**Brief:** Print all of the data below exactly as it appears, leaving out every image.

Data segment section start

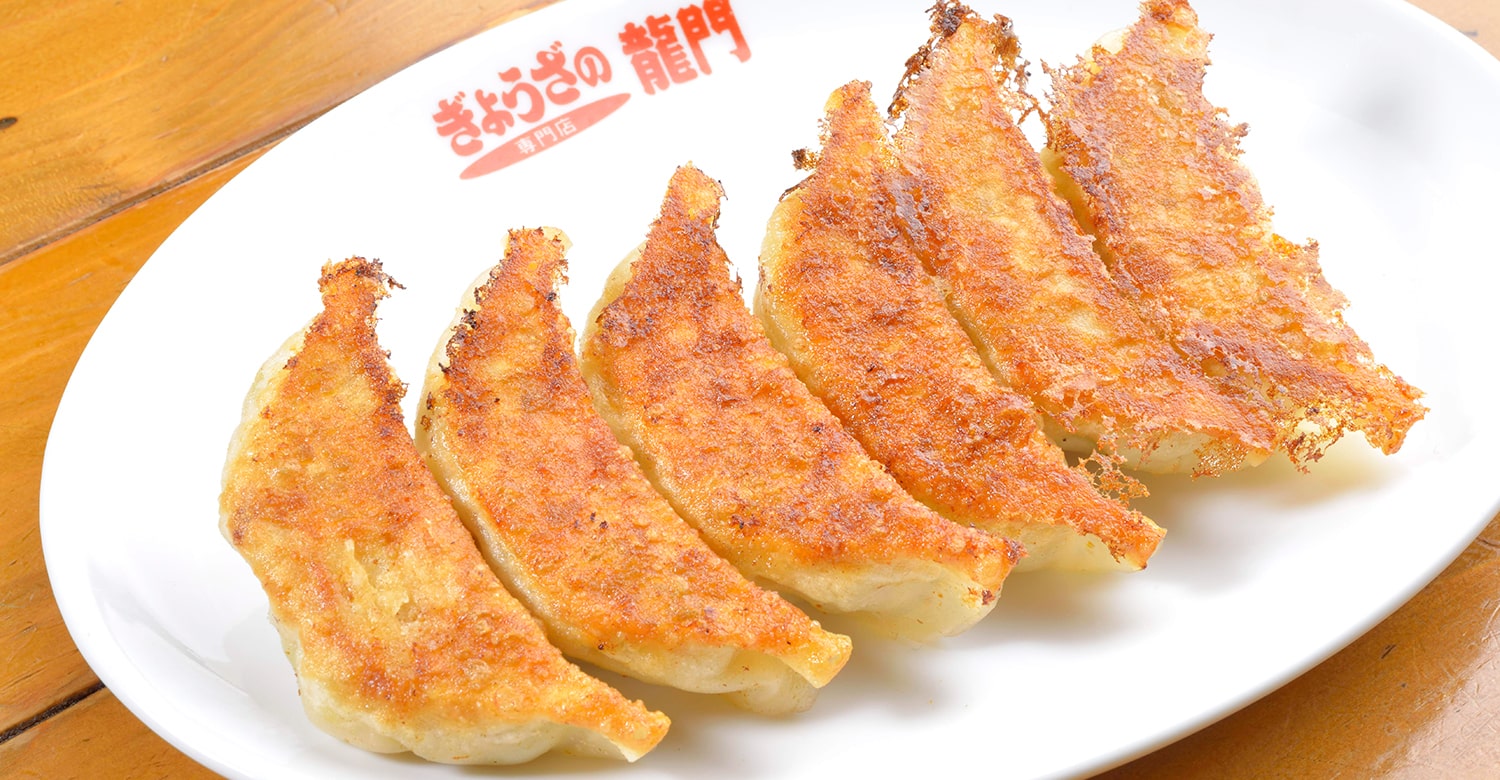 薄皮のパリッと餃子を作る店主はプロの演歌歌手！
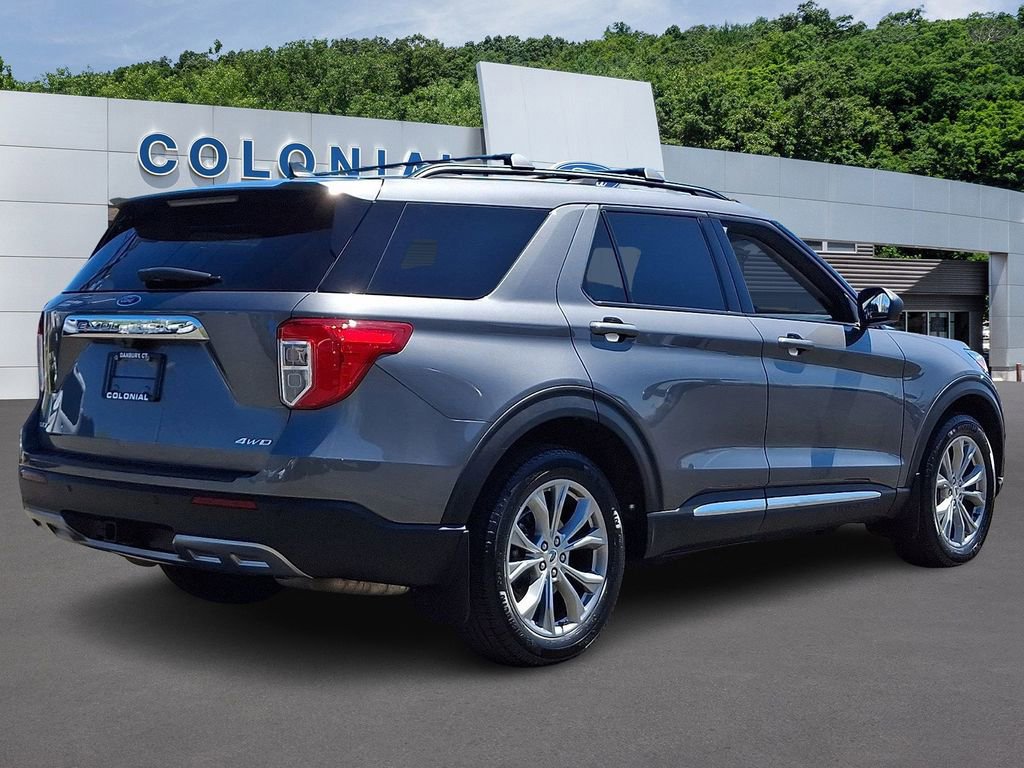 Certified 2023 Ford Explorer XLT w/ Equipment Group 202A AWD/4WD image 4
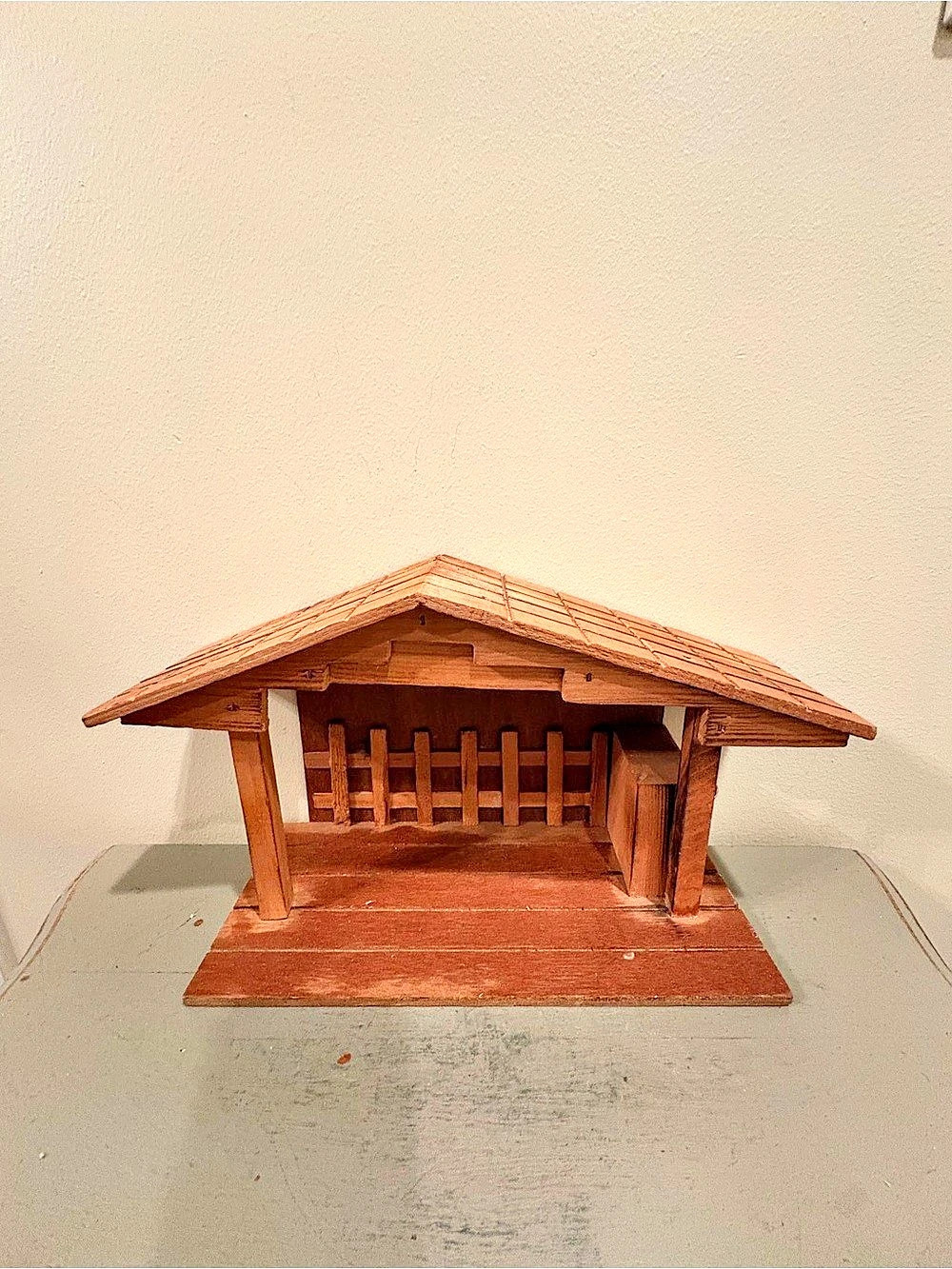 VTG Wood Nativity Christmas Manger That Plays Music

Data segment section end

**Written solution:**
 薄皮のパリッと餃子を作る店主はプロの演歌歌手！
 Certified 2023 Ford Explorer XLT w/ Equipment Group 202A AWD/4WD image 4
 VTG Wood Nativity Christmas Manger That Plays Music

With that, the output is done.